Salvini oggi è il leader di una Lega ‘nazionale’, che non basa la propria propaganda – almeno non ufficialmente – sui ‘terroni’, e in Calabria ha ottenuto il proprio seggio. Ogni volta che va al Sud, le cronache ci raccontano di bagni di folla e accoglienze trionfanti per il leader del Carroccio. La trasformazione ha sostituito l’obiettivo polemico: se una volta erano i meridionali, oggi sono gli immigrati. Proprio come Sacko e i suoi compagni, proprio come quei ragazzi che più volte hanno fatto sentire potente la loro voce contro la logica dello sfruttamento che giova tanto alle ‘ndrine e che tanta vergogna getta sulla Calabria.
Poche ore prima dell’omicidio, Salvini aveva detto che per i clandestini “la pacchia è finita”. Una pacchia che quei clandestini si godono nelle campagne calabresi, a pochi euro al giorno, funzionali al sistema dello sfruttamento, un sistema che quei giovani hanno cercato più volte di scardinare, come quando hanno protestato contro il caporalato per il tentativo di portare da 5 a 7 euro (su 25 al giorno) la ‘cresta’ sul salario. Una pacchia fatta di baracche di lamiera e di condizioni disumane. Una pacchia sulla quale ogni tanto si sofferma l’occhio dei media, per poi tornare a occuparsi di questioni evidentemente considerate più urgenti, degne di maggiore attenzione.
Nel 2016 l’ex deputato comunista ed ex sindaco di Rosarno Giuseppe Lavorato ha scritto un libro per raccontare quelle lotte, e la continuità con le lotte bracciantili dal secondo dopoguerra in poi, e per protestare contro l’indifferenza dei media e le passerelle inconcludenti dei politici. In quel testo dal titolo Rosarno. Conflitti sociali e lotte politiche in un crocevia di popoli, sofferenze e speranze (Città del Sole), il politico ha ricordato come “in questi ultimi anni alcuni settimanali nazionali hanno scoperto il grande malaffare che si consuma nell’agricoltura.

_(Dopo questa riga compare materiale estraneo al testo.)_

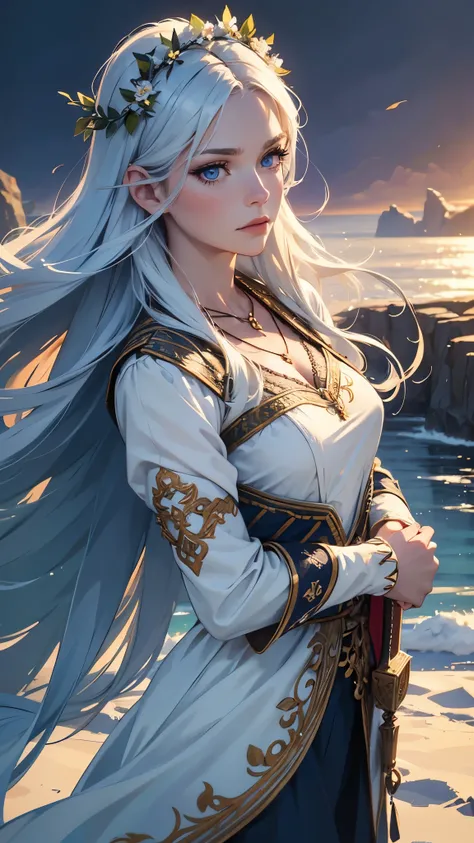 a photoe raealistic portrait of a viking beauty on top of a cliff, (best quality,4k,8k,highres,masterpiece:1.2),ultra-detailed,(realistic,photorealistic,photo-realistic:1.37),viking girl,blue eyes,long white hair,beautiful detailed eyes,beautiful detailed ...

Per scoprirlo prima, bastava porre attenzione ai nostri cortei di lotta degli anni 1999-2000. Quando a Rosarno, Polistena e in altri paesi della Piana migliaia di agricoltori, con i sindaci in testa, combattevano per chiedere i controlli severi dello Stato contro le truffe e le rapine perpetrate dalle ‘ndrine e dai loro complici. Negli stessi anni, invece, in alcune parti del nord del Paese si organizzavano manifestazioni per chiedere allo Stato di chiudere gli occhi sulle truffe delle quote latte. Anche allora, come negli anni 70, la stampa nazionale diede risalto a quest’ultimi, senza nemmeno adeguatamente biasimarli, anzi in alcuni casi coccolandoli. Ed oscurò le legittime battaglie che provenivano dalla Calabria e non diede alcuna informazione sul fatto che la lotta per l’affermazione della legalità, in quell’occasione, veniva dai territori più afflitti del Sud”.
Ecco, noi adesso ci aspettiamo che il ministro Salvini, parlamentare eletto in Calabria, pur ‘rappresentando la nazione’, si faccia non solo portavoce, ma che proponga azioni volte a contrastare lo sfruttamento. E che comprenda che i soggetti di diritto non si discriminano sulla base del colore della pelle, e che un lavoratore, clandestino, immigrato regolare, italiano che sia, è un lavoratore che ha diritto di non essere sfruttato. Perché in Calabria gli italiani hanno più volte affermato di stare accanto a quei migranti, di sentirsi compagni di una stessa lotta, la lotta per la dignità del lavoro, contro lo sfruttamento e contro la mafia. E i migranti ci hanno spiegato che la lotta per la dignità del lavoro è una lotta contro le mafie.